# Lucid Dreaming > Lucid Experiences >  >  Everything turned white?

## Iokheira

So I had my second LD =D even though it was so short I hardly got to do anything  :Sad:  here's the excerpt from my dream journal...

...When it caught up, I was at an airfield (just a giant asphalt area) and I was going to buy a plane, but I remembered it was just a dream, and proceeded to try to fly. Everything went white, and I felt myself waking up. I tried to get the dream to stablilize, and it did, but I still felt sort of awake. I tried to make everything in a winter mountian scene, but it looked bad, so I made the whole white area black like the sky, then I thought, "It would be no fun to fly in this! I wouldn't be able to tell how fast I was going. And it's sort of boring." So, I sprinkled stars in the sky and thought "That's better, but I need a ground." So I made the ground hilly and green. I leapt up to start to fly, but everything went white again. I started to wake up again and couldn't stop it...

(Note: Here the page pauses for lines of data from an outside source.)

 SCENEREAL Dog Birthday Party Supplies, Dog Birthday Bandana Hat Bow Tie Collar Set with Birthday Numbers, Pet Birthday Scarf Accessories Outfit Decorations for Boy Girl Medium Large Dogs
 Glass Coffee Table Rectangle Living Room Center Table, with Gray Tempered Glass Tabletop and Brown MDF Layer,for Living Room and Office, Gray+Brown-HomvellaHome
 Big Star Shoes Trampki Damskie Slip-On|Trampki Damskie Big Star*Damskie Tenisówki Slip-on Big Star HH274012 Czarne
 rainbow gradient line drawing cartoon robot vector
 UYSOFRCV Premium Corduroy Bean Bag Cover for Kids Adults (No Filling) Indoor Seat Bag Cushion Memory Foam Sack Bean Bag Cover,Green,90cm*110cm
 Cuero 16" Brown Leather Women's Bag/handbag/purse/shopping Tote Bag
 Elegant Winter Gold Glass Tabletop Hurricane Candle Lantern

Is the whiteness normal and does it stop after a few LDs?

----------


## SoftOath

The same thing happened to me.  I had my first LD last night and when I realized that I was dreaming after a reality check, the dream world went blank white and I just walked until I started to fall like skydiving.  So, I think it is normal for most people's first LD.

----------


## Specialis Sapientia

I dont think it is normal.

I remember 3 weeks ago, I had a dream where I was naked. 

Im pretty sure I got lucid, and made some pants on me. 

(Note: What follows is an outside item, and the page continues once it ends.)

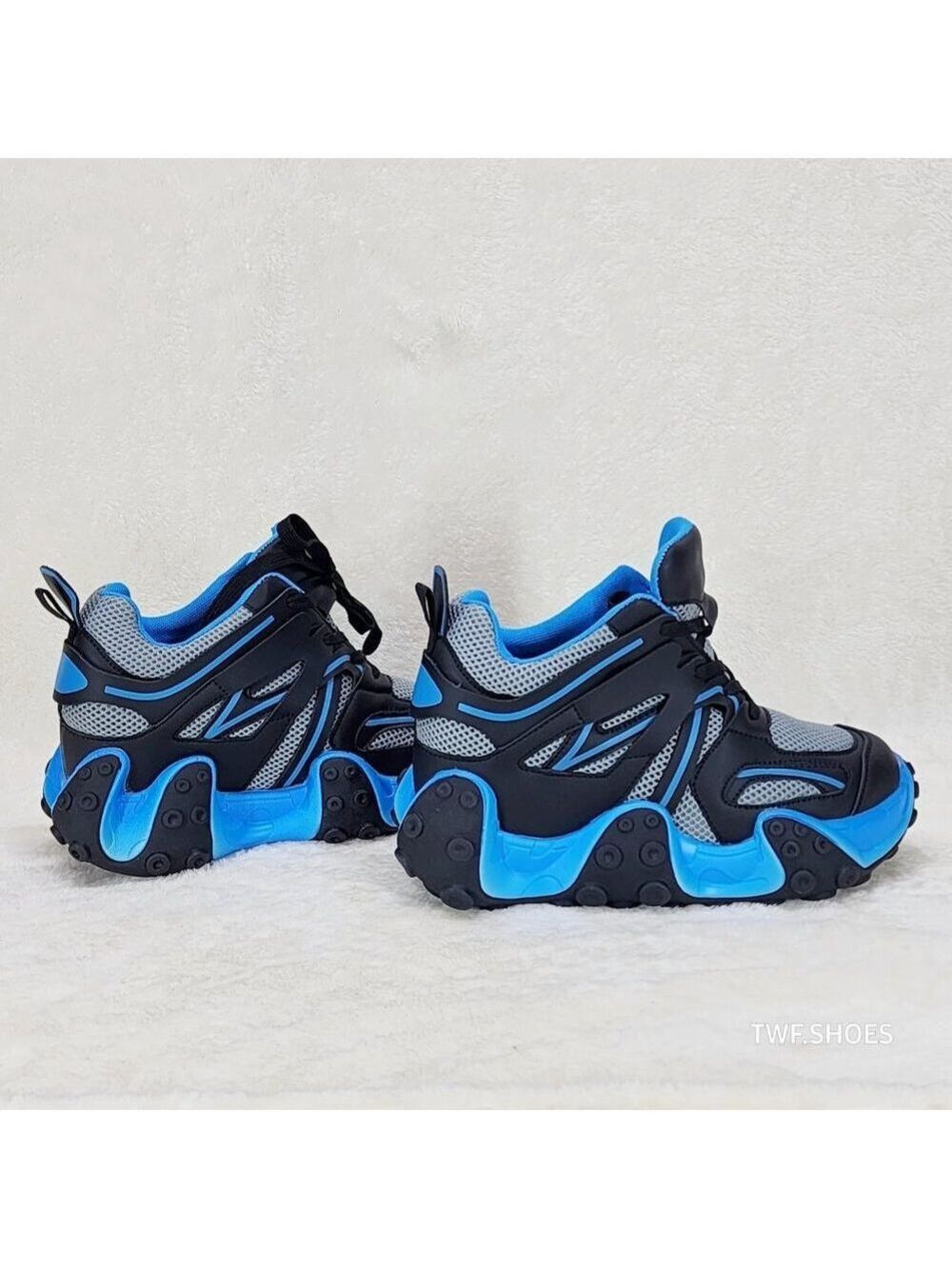 Anthony Wang Alien Black & Blue Hidden Wedge Platform Sneakers Octopus Tread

Everything turned white, and I woke.


That is the only time I remember, everything go white.

----------


## Abra

No, I'd say dreams going white isn't very common. If anything, my lucid dreams usually go "dark" before I wake up (I am in a dark setting).

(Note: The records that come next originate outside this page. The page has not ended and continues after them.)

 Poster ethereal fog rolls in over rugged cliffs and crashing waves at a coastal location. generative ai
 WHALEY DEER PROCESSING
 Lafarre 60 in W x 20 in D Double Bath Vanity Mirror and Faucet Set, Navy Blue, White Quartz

But most commonly, I end up just waking up when the dream ends. It goes to hypnopompia (maybe), then I can see the backs of my eyelids and I know I'm awake.

I wouldn't jump to conclusions after one lucid dream. The whiteness could have very well been a fluke; don't let it impact you. Maybe the reason it happened twice in the same dream is because you were already forming expectations (and anxiousness) around the whiteness when you first experienced it, causing it to happen again.

Next time you are in the whiteness, try opening and closing your eyes (to blink to a new scene instantly) or spinning around (it stabilizes whatever scene you wish to go to).

Good luck!

----------


## andyrockstar17

I have only become fully lucid a couple times, but I have realized I was dreaming on far more occasions than those two.  Usually, as soon as I realize that I am dreaming everything turns white just because I become overly excited and start to wake up.  Also, whenever I happen to die (really weird) in a dream, everything turns white.

----------


## fuzzion

> I have only become fully lucid a couple times, but I have realized I was dreaming on far more occasions than those two.  Usually, as soon as I realize that I am dreaming everything turns white just because I become overly excited and start to wake up.  Also, whenever I happen to die (really weird) in a dream, everything turns white.



hmmm when I died in my dream everything turned white but I wasen't lucid but I thought I died IRL so I was like no this is a dream and then I awake.
I had a strange felling to that I never had before that was comfortable but at the same time creepy.
Maybe we experienced death >.<

----------


## Iokheira

Thanks for all of the replies =] I think I'll wait until I have some more lucids to decide exactly what it is, but right now I think excitement is probably the answer, but I have to see.

 :smiley:

----------


## maxy126

well since the first time i did this on purpose i tryed to wild when i went to bed and all i saw was white and images and now i can do it every night i can like tap into it kinda but its just normal u see it going to sleep but only if ure consious or normal waking up from a ld there from my experiences anyway

----------


## andyrockstar17

> hmmm when I died in my dream everything turned white but I wasen't lucid but I thought I died IRL so I was like no this is a dream and then I awake.
> I had a strange felling to that I never had before that was comfortable but at the same time creepy.
> Maybe we experienced death >.<



Possibly.  When I've "died" in dreams before I usually get stuck in that "white area"  I just sit there basically talking to myself or yelling trying to figure out what's going on.  

I got the same feeling you got too, that comfortable but creeped out feeling...  Very strange.

----------


## Amethyst Star

> Also, whenever I happen to die (really weird) in a dream, everything turns white.



Funny you mention this.  I've only died a couple of times in my dreams over the course of my life and things seemed to go white.

Otherwise, when I've become lucid things do go black, but I suppose it just depends for each person.  No one dreams the same way as another, so I wouldn't worry.  It will go away with practice  :smiley:

----------